#### What the task requires
Would you return the data exactly as given, except for its pictures?

*** Opening of Information shown ***

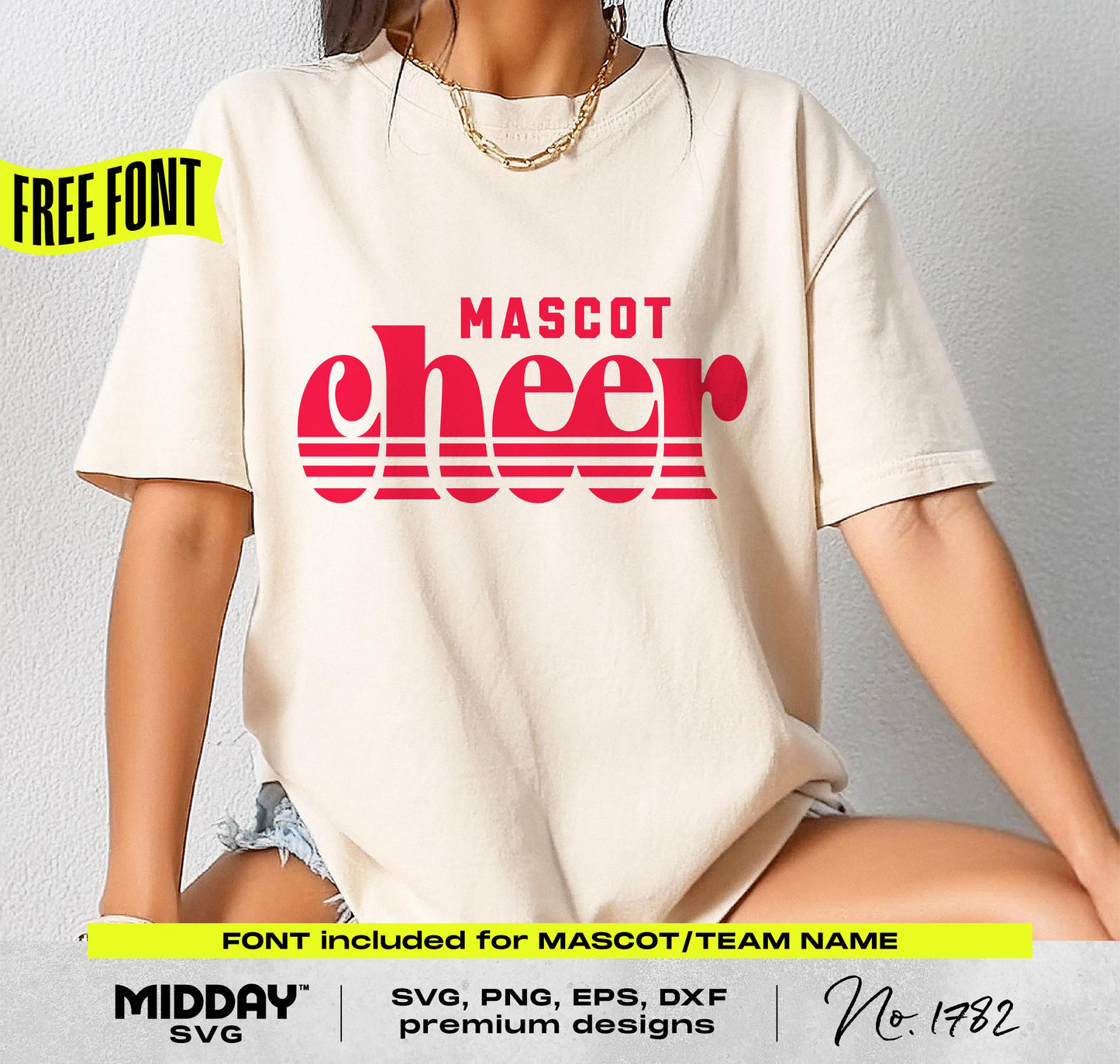 Model wearing retro cheer team shirt design with 'Mascot Cheer' font, ideal for DIY cheerleading apparel. Includes SVG, PNG, EPS, DXF files.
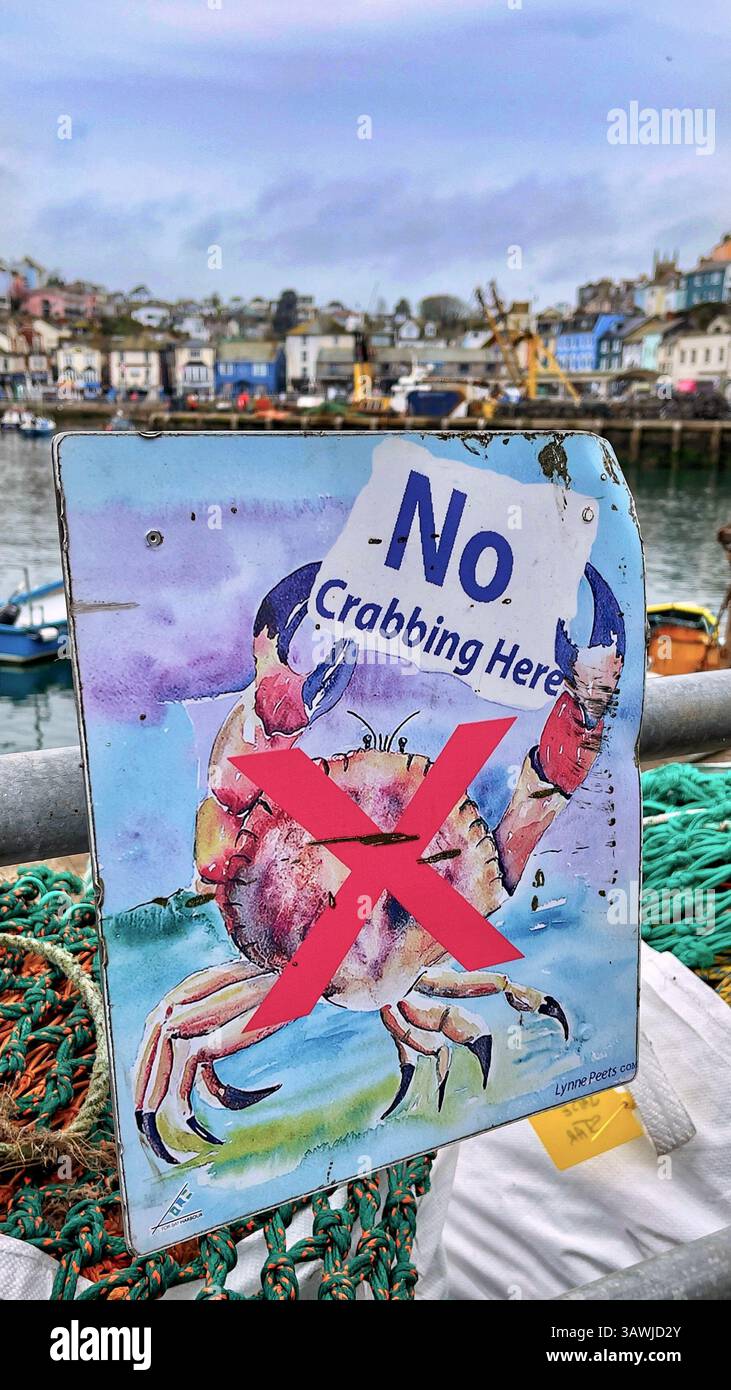 Ein farbenfrohes Schild mit einem großen roten „X“ über einer Krabbenillustration und dem Text „No Crabbing here“ (kein Krabben hier) wird im Hafen von Brixham, Devon, Großbritannien, angezeigt Stockfoto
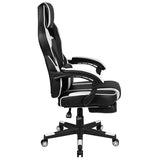 X40 Gaming Chair with Footrest and Massaging Lumbar - White and Black Racing Chair with Fully Reclining Back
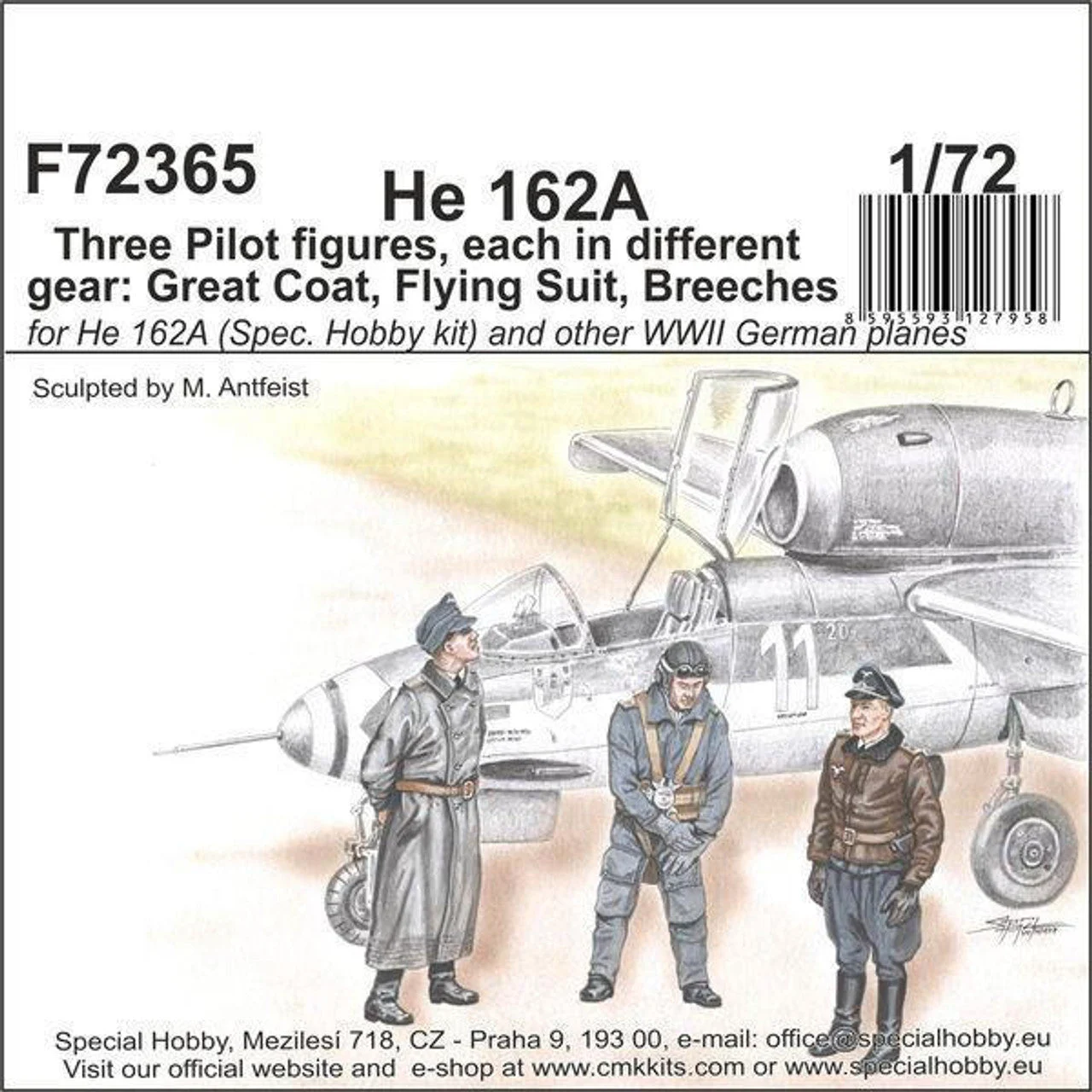 CMK 1/72 He 162 - Three Pilot figures. each in different gear: Great Coat. Flying Suit. Breeches Resin Figure Model Kit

*** Close of Information shown ***

#### Exercise response
 Model wearing retro cheer team shirt design with 'Mascot Cheer' font, ideal for DIY cheerleading apparel. Includes SVG, PNG, EPS, DXF files.
 Ein farbenfrohes Schild mit einem großen roten „X“ über einer Krabbenillustration und dem Text „No Crabbing here“ (kein Krabben hier) wird im Hafen von Brixham, Devon, Großbritannien, angezeigt Stockfoto
 X40 Gaming Chair with Footrest and Massaging Lumbar - White and Black Racing Chair with Fully Reclining Back
 CMK 1/72 He 162 - Three Pilot figures. each in different gear: Great Coat. Flying Suit. Breeches Resin Figure Model Kit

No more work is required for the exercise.